A partly transparent or translucent area, sometimes referred to as a "half- window", may be formed in a polymeric security document which has opacifying layers on both sides by omitting the opacifying layers on one side only of the security document in the window area so that the "half-window" is not fully transparent, but allows some light to pass through without allowing objects to be viewed clearly through the half-window.

Alternatively, it is possible for the substrate to be formed from an substantially opaque material, such as paper or fibrous material, with an insert of transparent plastics material inserted into a cut-out, or recess in the paper or fibrous substrate to form a transparent window or a translucent half-window area.

The term "window" used herein encompasses fully transparent windows, translucent windows and "half windows".

Opacifying layers

Opacifying layers applied to a transparent substrate may comprise any one or more of a variety of opacifying coatings. For example, the opacifying coatings may comprise a pigment, such as titanium dioxide, dispersed within a binder or carrier of heat-activated cross-linkable polymeric material. Alternatively, a substrate of transparent plastic material could be sandwiched between opacifying layers of paper or other substantially opaque material to which indicia may be subsequently printed or otherwise applied.

Security Device or Feature

As used herein, the term security device or feature includes any one of a large number of security devices, elements or features intended to protect the security document or token from counterfeiting, copying, alteration or tampering. Security devices or features may be provided in or on the substrate of the security document or in or on one or more layers applied to the base substrate, and may take a wide variety of forms, such as security threads embedded in layers of the security document; security inks such as fluorescent, luminescent and phosphorescent inks, metallic inks, iridescent inks, photochromic, thermochromic, hydrochromic or piezochromic inks; printed and embossed features, including relief structures; interference layers; liquid crystal devices; lenses and lenticular structures; optically variable devices (OVDs) such as diffractive devices including diffraction gratings, holograms and diffractive optical elements (DOEs).

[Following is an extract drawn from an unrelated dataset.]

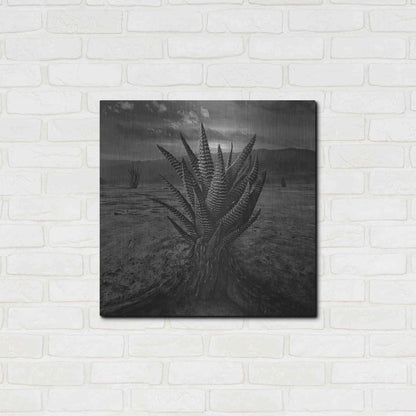 Luxe Metal Art 'Cactus' by Dariusz Klimczak, Metal Wall Art,24x24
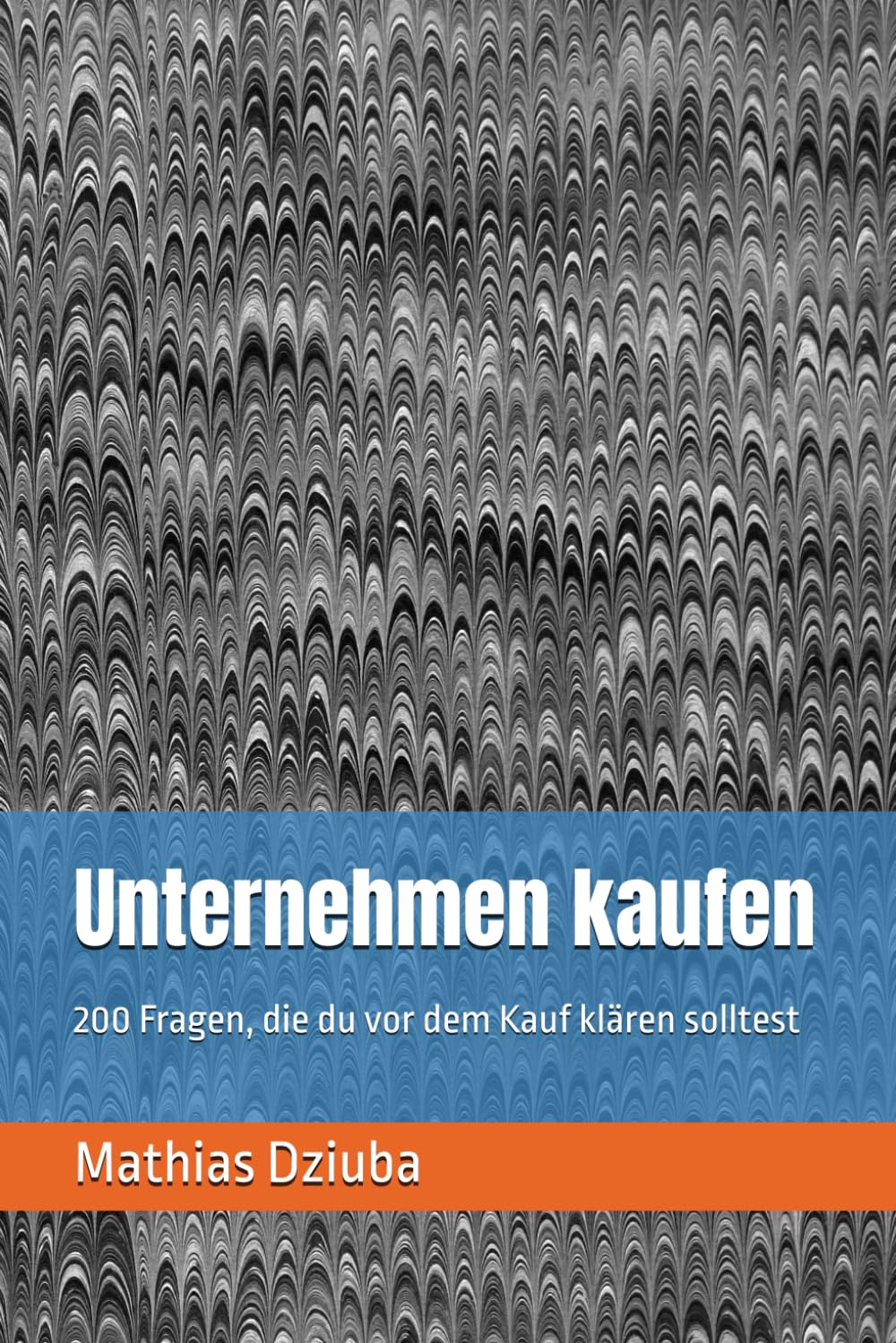 capítulo por capítulo baixar Unternehmen kaufen: 200 Fragen, die du vor dem Kauf klären solltest (German Edition)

Diffractive Optical Elements (DOEs)

As used herein, the term diffractive optical element refers to a numerical- type diffractive optical element (DOE). Numerical-type diffractive optical elements (DOEs) rely on the mapping of complex data that reconstruct in the far field (or reconstruction plane) a two-dimensional intensity pattern. Thus, when substantially collimated light, e.g. from a point light source or a laser, is incident upon the DOE, an interference pattern is generated that produces a projected image in the reconstruction plane that is visible when a suitable viewing surface is located in the reconstruction plane, or when the DOE is viewed in transmission at the reconstruction plane. The transformation between the two planes can be approximated by a fast Fourier transform (FFT). Thus, complex data including amplitude and phase information has to be physically encoded in the micro- structure of the DOE. This DOE data can be calculated by performing an inverse FFT transformation of the desired reconstruction (i.e. the desired intensity pattern in the far field).

Background of the Invention

Polymeric banknotes incorporating windows or half windows have been successfully produced in Australia and several other countries for a number of years. However, polymeric banknote issuers and designers have imposed several limitations on the size and physical location of windows within the note.

A banknote generally comprises a rectangular flexible sheet having opposed longer side edges and opposed shorter side edges. The sheet has a major central longitudinal axis extending parallel to its longer side edges and a minor central transverse axis extending parallel to its shorter side edges.

Hitherto, banknote designers have restricted the location of windows to certain regions of a banknote for a number of reasons. First, it has previously been believed that for optimum processing, many banknote processing machines require an opaque area at a leading side edge in order that the start of a banknote can be identified and the banknote can then be tracked as it passes through the processing machine.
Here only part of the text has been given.